Sí, no va a ningún lado lo que te estoy contando pero no me jodas, es mi manera de estar en el mundo, soy así. No, no tiene nada que ver con la tristeza de saber que uno no tiene nada para decir, que la vida no tiene ningún propósito en particular (el glorioso mantra de Richard Sylvester: hopeless, helpless, meaningless), ni con la chica francesa que terminó lo que tenía que hacer en la argentina y se volvió a Francia.
Pero el otro día estaba haciendo tiempo antes de entrar al laburo, pasé por una librería, me senté en un bar a tomar un café, me acordé de la chica francesa. Y ahí me di cuenta.
Me di cuenta que no hacía falta ni saber francés ni leer a Foucault, pero que se podía contestar prácticamente todo, cualquier pelotudez que te preguntaran.
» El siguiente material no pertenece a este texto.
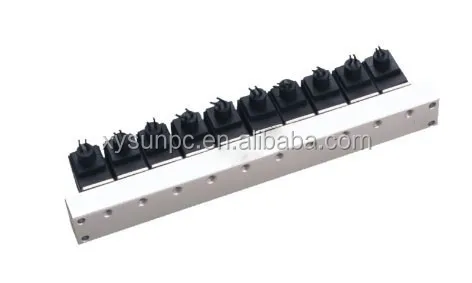 Abilbaba china product 2 way 10F manifold solenoid valve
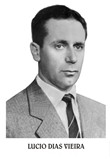 1959 a 1963 - Dr. Lúcio Dias Vieira
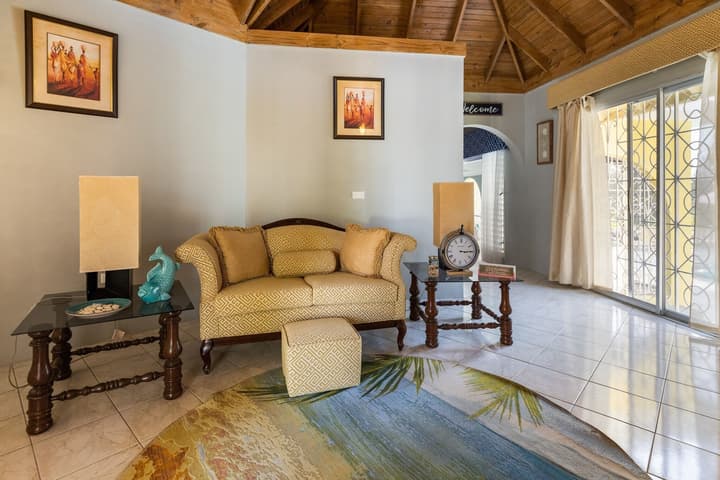 Yancey Largo Villa Perfect Jamaica Ironshore Getaway w Private Pool and Onsite Staff Services by RedAwning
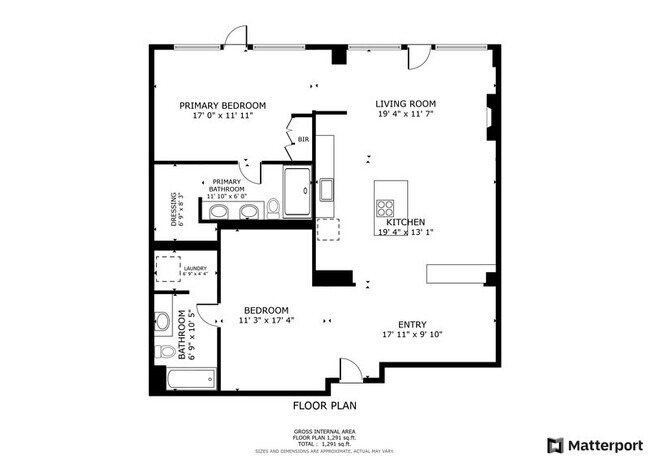 Building Photo - 2720 3rd Ave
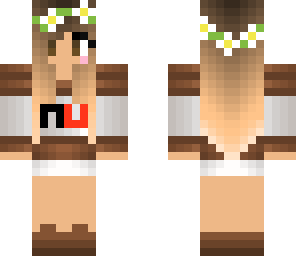 nutella girl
Usando los títulos, los títulos y nada más, de los libros de Foucault.

Ejemplo 1.
–Che, Juan, ¿vos qué opinás del matrimonio igualitario?
–Bueno –dije yo–. Ni apocalípticos ni integrados.

Ejemplo 2
–No tengo pastrón –dice el chino del supermercado, que además tiene la fiambrería o algo parecido a una fiambrería adelante, junto a la caja–. Pero tengo salchichón.
–Ay, maldito hijo del sol naciente –respondo–. Las palabras y la cosas.

Ejemplo 3
–La puta madre que te remil parió, Hundred –El tipo tiene barba candado y se peina con gel, debe medir más de un metro noventa, se lo ve atlético y enojado–, dice mi hermana que además de no llamarla nunca más, le quedaste debiendo guita.
–Vigilar y castigar –digo y enciendo un cigarrillo.

Listo, no hace falta más, creo que ya entendiste la idea. Lo interesante es que vos decis un título de algún libro de Foucault y la gente se queda pensando. Te lo digo porque lo tengo bien estudiado.